Postcards from China: Happy Dragon Boat Festival + Zongzi
Zong zi, wrapped
Welcome to Postcards from China, a series of delicious snapshots from my summer in China and Taiwan.
Location: Gulangyu, Xiamen Item: Zong zi, or glutinous rice dumplings
June 22 is the beginning of the Dragon Boat Festival, which explains the influx of zongzis, or glutinous rice dumplings, we've been eating at home. Wrapped in bamboo leaves in a triangular shape, zongzi is a traditionally steamed Chinese dish made with glutinous rice and stuffed with various fillings (typically mushrooms, pork, nuts, and dried shrimp).
Although zongzis can be consumed year-round, they're often made especially for the Dragon Boat Festival, which starts from June 22 to 24 in China.
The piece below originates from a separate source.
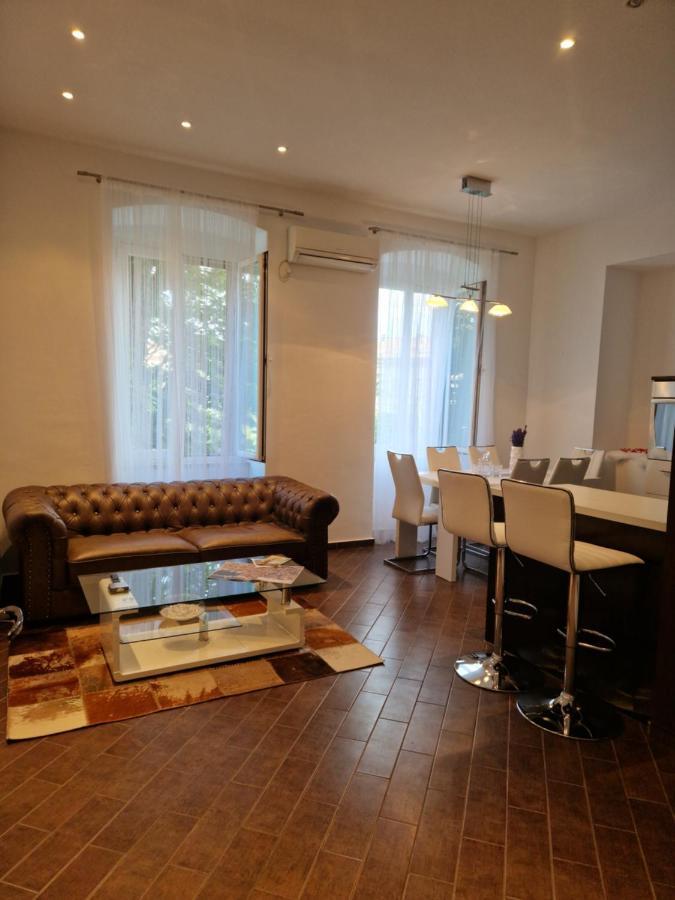 Queen Of Stay - Apartment Lili ริเยกา ภายนอก รูปภาพ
A brief history lesson: The festival commemorates the life and death of ancient poet Qu Yuan, who was a government official in the state of Chu. He was exiled for his reforms and eventually committed suicide by throwing himself into a river. The people of Chu rushed out in their fishing boats, beating drums and throwing food like zongzi in the river to keep the fish and evil spirits from his body.
Since then, dragon boat racing and eating zongzi have become the central customs of the festival, which falls on the fifth day of the fifth lunar month.
Though zongzis are typically made at home or by family members in China, you can find them for $4 in New York at the NYC Cravings Truck. Or if you're feeling cheap, see if you can still spot the elderly lady in Chinatown selling zongzis. Chowhounders report that she was last spotted on Grand and Chrystie.